1. How much should I save?
- The general rule of thumb is that you should save at least 10% of your income (think of it as tithing to yourself). (FYI: If you ask 10 different financial gurus what percent of your income should go into savings, you’ll get 10 different answers. When you really get down to it, the percent of your income that you should save obviously depends on you – your income, your debt, your expenses, etc…)
- Saving 10% of your income may be hard: For people that are severely in debt or have a serious love of shopping, this number may feel huge, but I’d recommend saving something even if you can’t commit to 10% of your income. Even David Bach, the author of Automatic Millionaire and super promoter of saving (his plan, which he calls “paying yourself 1st,” encourages you to put money into savings before paying bills or even paying off debt) acknowledges that saving even 1% of your income is better than saving none at all.
- For saving inspiration: check out the book A Million Bucks by 30. The author, Alan Corey, lived in the Spanish Harlem and ate Ramen noodles every day for several years in order to save more than 50% of his meager income. Lots of Ramen and several lucky real estate deals later, he was able to add himself to the list of American millionaires before his 30th birthday. While I wouldn’t necessarily recommend this strategy (can you say “high blood pressure”?), if he can do that, you can put away 10% of your income to pay for your future.
2. What should I save for?
- Retirement: Saving for retirement is easily the most common savings goal. Most companies offer retirement savings in the form of an IRA, or individual retirement account. Saving for retirement can be especially beneficial if your company has a program that matches contributions you make to your IRA. Most companies do this up to a certain limit (often around $1000). If you are not putting in enough money to take full advantage of your employer’s IRA matching plan, you might as well be throwing your money out the window. (Email me and let me know which window).
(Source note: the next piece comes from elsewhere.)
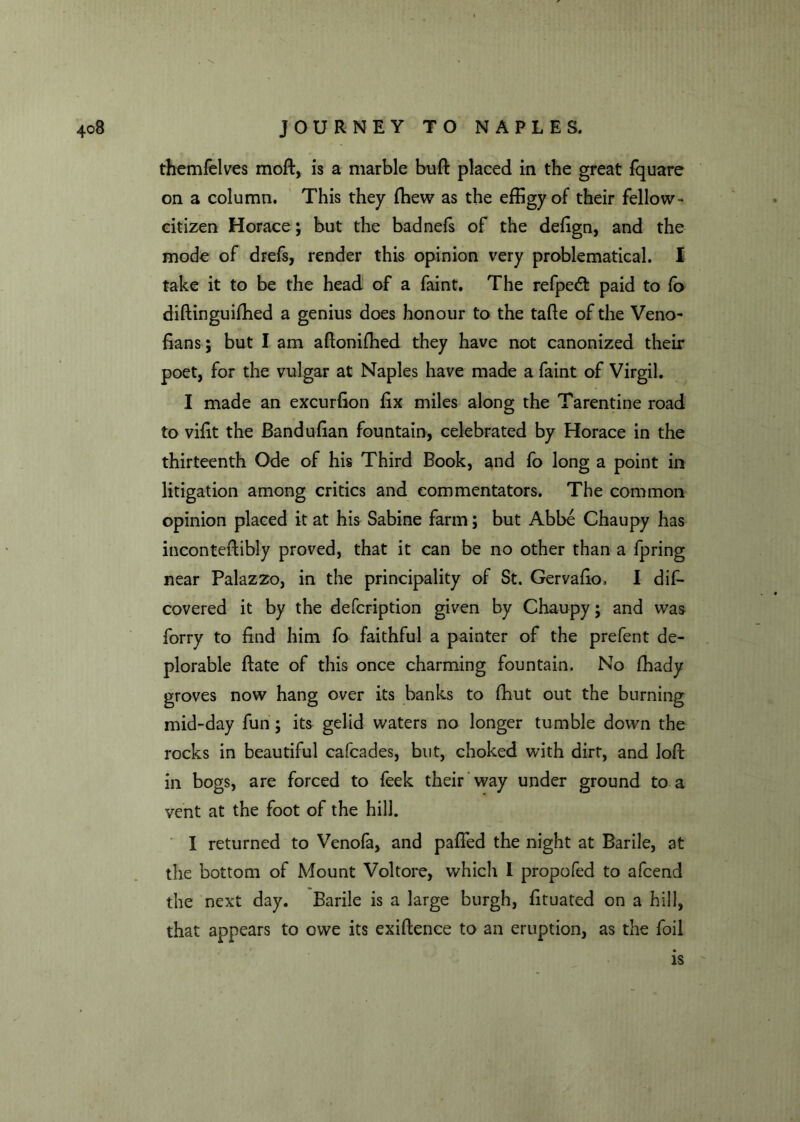 themfelves mod, is a marble bud placed in the great fquare on a column. This they {hew as the effigy of their fellow- citizen Horace; but the badnefs of the dedgn, and the mode of drefs, render this opinion very problematical. I take it to be the head of a faint. The refpedt paid to fo didinguiffied a genius does honour to the tafle of the Veno- fians; but I am adonidied they have not canonized their poet, for the vulgar at Naples have made a faint of Virgil. I made an excurdon fix miles along the Tarentine road to vidt the Bandudan fountain, celebrated by Horace in the thirteenth Ode of his Third Book, and fo long a point in litigation among critics and commentators. The common opinion placed it at his Sabine farm; but Abbe Chaupy has incontedibly proved, that it can be no other than a fpring near Palazzo, in the principality of St. Gervado, I dif- covered it by the defcription given by Chaupy; and was forry to dnd him fo faithful a painter of the prefent de- plorable date of this once charming fountain. No fhady groves now hang over its banks to fhut out the burning mid-day fun; its gelid waters no longer tumble down the rocks in beautiful cafcades, but, choked with dirt, and loft in bogs, are forced to feek their way under ground to a vent at the foot of the hill. I returned to Venofa, and paded the night at Barile, at the bottom of Mount Voltore, which I propofed to afcend the next day. Barile is a large burgh, dtuated on a hill, that appears to owe its exiftenee to an eruption, as the foil is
- and Beyond: After retirement (a no-brainer), savings goals can get a little confusing. For some people, dividing your savings into various pieces can be motivating (i.e. having a different bank account in which to put savings toward your new motorcycle versus savings for unexpected emergencies). Nonetheless, I think finance gurus spend their spare time brainstorming outrageous new “must have” savings funds for the average American (having a vacation fund is one thing but having a separate savings account for unexpected pet expenses? For each pet? Come on.) For me, it all just seems more of a hassle than it is worthwhile. (For a good example of mini – savings funds gone wild, check out iwillteachyoutoberich.com. While I normally love Ravit’s blog, he’s gotten carried away here.) My advice: Open a savings account and write a list of clear definitions about what it can be used for (Unexpected car maintenance? Yes. Unexpected bar tab? No.).
3. Where should I put my savings?
To keep it super simple, here are 3 basic options.
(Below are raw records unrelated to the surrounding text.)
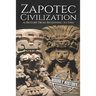 Zapotec Civilization: A History from Beginning to End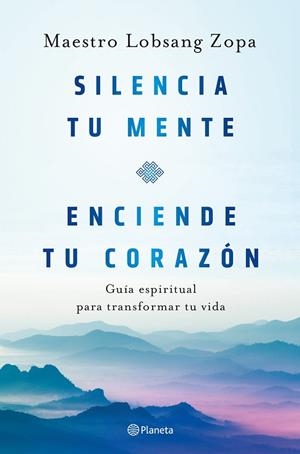 SILENCIA TU MENTE ENCIENDE TU CORAZÓN | 9788408263418 | LOBSANG ZOPA, MAESTRO | Llibreria Online de Vilafranca del Penedès | Comprar llibres en català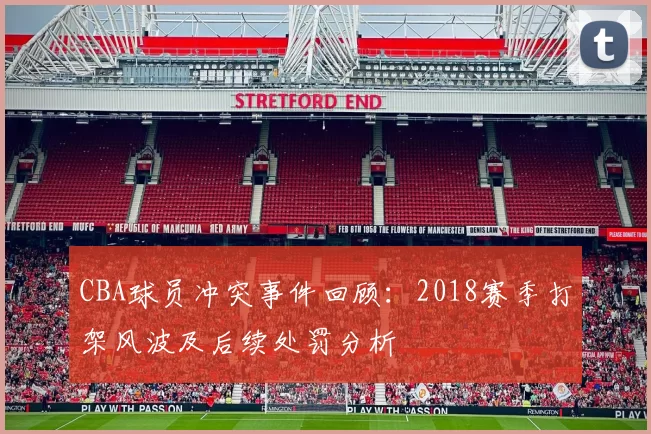 CBA球员冲突事件回顾：2018赛季打架风波及后续处罚分析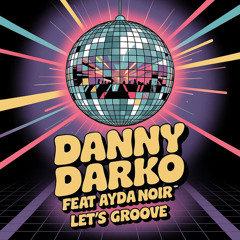 Let's Groove (Radio Edit) [feat. Ayda Noir]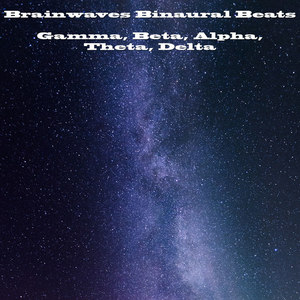 Brainwaves Binaural Beats: Gamma, Beta, Alpha, Theta, Delta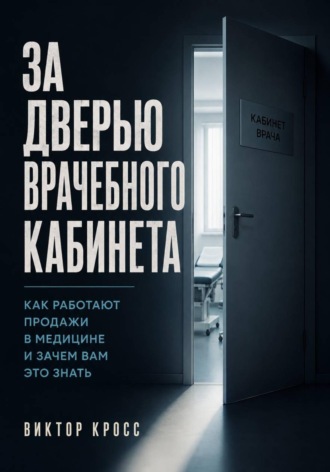 Виктор Кросс. За дверью врачебного кабинета. Как работают продажи в медицине и зачем вам это знать
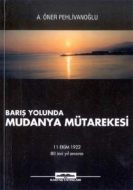 Barış Yolunda Mudanya Mütarekesi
- Open a savings account in a traditional bank: Offers easy access to your money and a (gasp) real person to talk to if you have any problems. Check out http://www.bankrate.com to compare the interest rates of banks in your area.
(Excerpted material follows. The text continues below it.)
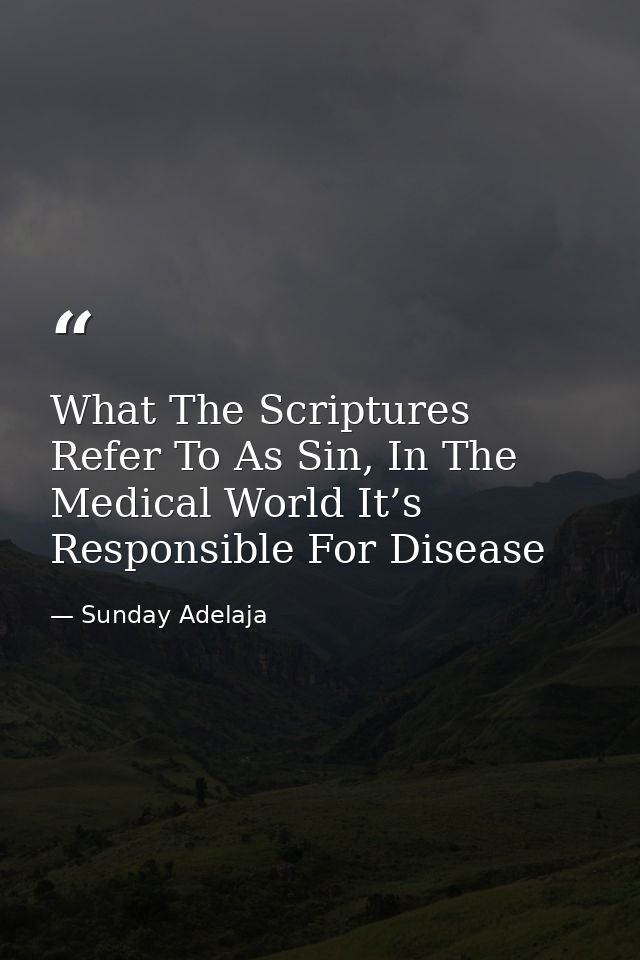 What The Scriptures Refer To As Sin, In The Medical World It’s Responsible For Disease — Sunday Adelaja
- Open a high yield online savings account: Upside is that interest rates are usually slightly higher than traditional banks. Downside is that you’re likely to spend a lot of time listening to awful elevator music if you ever need help (customer service hotlines suck) and your money isn’t an instantly accessible as it is in a traditional bank. I use E*Trade because they have a $1 minimum and a simple user interface. No matter what, always ensure that the online institution is FDIC insured (i.e. legitimate).
- Buy a CD (Certificate of Deposit): I would explain CDs, but I think JD Roth, the author of Get Rich Slowly, has already written the best description of CDs known to man, so I’m just going to send you check it out.
Ok. That’s it. Go save like a champ.
3 responses to “How to Supercharge Your Savings”
10% is such a small number when you think about it. It really is easy to save that much once you get it in your mind and do it each paycheck or each time you get money.
My wife and I actually donate 10% to charity and then save 10%+
Everyone has their own style of saving as well as their own preference. What worked out best for me is first budgeting out how much was to be spent. I would always budget my savings 5-15% (depending on the paycheck) before dishing out money into other categories.
Second I would take money out of the bank and have cash in hand for categories such as clothing, food, gas et cetera. The money was then placed into envelopes with its respective name on it. Once the money was depleted from the envelope that was it, no more spending in that category.
I found that using a debit card lead to a significant amount of charges as well as a distant feeling towards the money. When you have cash in hand it is different. If you only have 20 dollars in your misc envelop do you want to spend that 4.50 on a latte, or would you rather have a nice lunch during the week? There are two points to this. First pay yourself first, and second expand your savings by curbing your spending on crap!
This isn’t a new system, and it’s not my creation. This has been around for years and most of our grandparents used it their entire life. My grandmother trusts her envelopes more than she trusts the debit card!